中学生になって、初めて色付きのリップクリームを買った。お昼のお弁当代に、と母から貰うお小遣いを数回分、ツナマヨおにぎりに代えることで、浮かせたお金だった。          
学校からの帰り道、近所のドラッグストアに立ち寄って、商品棚に隠れるようにしてしゃがみ込む。
私、リップクリームを探しているんです。まぁ、特にこだわりとかないので、なんでもいいんですけど。
誰に尋ねられている訳でもないのに、心の内でそうつぶやきながら、興味のなさそうな顔を作ってみせる。面倒臭いなぁ、とでも言いたげに口をへの字に曲げて棚を流し見ると、手近の小さなパッケージを手に取ってレジへと向かった。

ほのかに果物の香りの付いたそのリップクリームは、最近人気のアイドルが宣伝ガールを務めている商品で、もちろん事前にチェックしてきた商品だ。
素早くレジを済ませて足早にドラッグストアを出ると、パッケージを剥いで近くのゴミ箱へと放り込む。家にゴミを持ち帰って、母に見つかるなどすれば面倒だ。リップクリームをポーチへと仕舞うと、私は帰り道を急いだ。

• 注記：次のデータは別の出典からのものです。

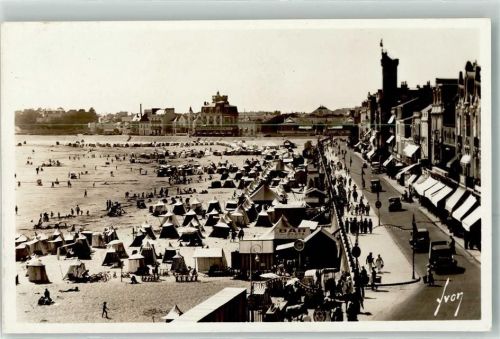 Les Sables-d'Olonne la Plage vers le Casino Oldtimer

唇に乗ったその色は、ほんの少しだけ大人にしてくれるような気がした

自分の部屋にこもって、さっき買ったばかりのリップを塗ってみる。
クラスの華やかな女の子たちがこぞって付けている、海外の女性アーティストのような真っ赤なリップに比べれば、それは相当に控えめな色だった。けれど、唇にほんのり色付いたその薄桃色は、私にとって精一杯の背伸びの色だった。
毎朝ブレザーのポケットにこっそりと忍ばせて、誰も見ていない時を見計らい、トイレで一人、リップを塗る。校則にギリギリ引っかからないような、注意して見なければわからない程の色ではあったものの、唇に乗ったその色は、私をほんの少しだけ大人にしてくれるような気がしていた。

しかし、事件は思わぬ所から起こってしまった。
学校へ着いてポケットを探れば、いつも入っているはずのリップが無い。教室で落としたのだろうか。それとも、通学路?誰にも拾われていなければいいが……。
結局、放課後までリップの行方は分からぬまま、私は家へと帰り着く。
「ただいまー」
リビングにいる母に声を掛けると、ニヤリとした顔がこちらを向いた。
「何?」
思わず尖った声が出る。そんな私の様子などお構いなしに、母は楽しげに引き出しから何かを取り出した。
「これ。朝、洗面台に置いてあったよ」
ほら、と手渡されたソレは、紛れもなく、ブレザーのポケットに仕舞われていたはずの、私だけの小さな秘密だった。瞬間的にサアっと、頬から耳まで熱さが走るのを感じる。
「あぁ、そんな所にあったんだ。ありがとう」
何気ない風を装うと、母の手からリップを取り上げる。そのまま、再びブレザーへと突っ込んで去ろうとすれば、背中に一言、母。
「急に色気付いちゃって、どうしたの?もしかして、好きな子でも出来た?」
図星だった訳ではないけれど、「色気付いた」という言葉が、年頃の私にはえらく恥ずかしい言葉として刺さってしまった。それ以来、ピンクは少し、遠い存在になっている。

自分でアルバイトをして貯めたお金で買ったマニキュア

あれから六年経った今、私は店先でマニキュアを選んでいる。あの頃のように、ツナマヨヘソクリではなく、今度は自分でアルバイトをして貯めたお金だ。
小瓶に入った色とりどりのラインナップを、端からじっくりと見てゆく。夏らしい大粒のラメが入ったもの、大人でシックなベージュ、こっくりとした深緑、そして……。ネイルチップを爪にあてがう手を止めて、私は一つの小瓶を手に取った。

家に着くなり早速開封すると、シンナーのツンとした匂いと、筆先の冷たさが爪に染みた。
はみ出さぬよう、息を止めて慎重に色を乗せる。散々迷った結果、指には塗らず、ペディキュアだけに留めることにした。

明日は、憧れの先輩とのデートだ。先輩は、桜貝色に染まった私のつま先に気がつくだろうか。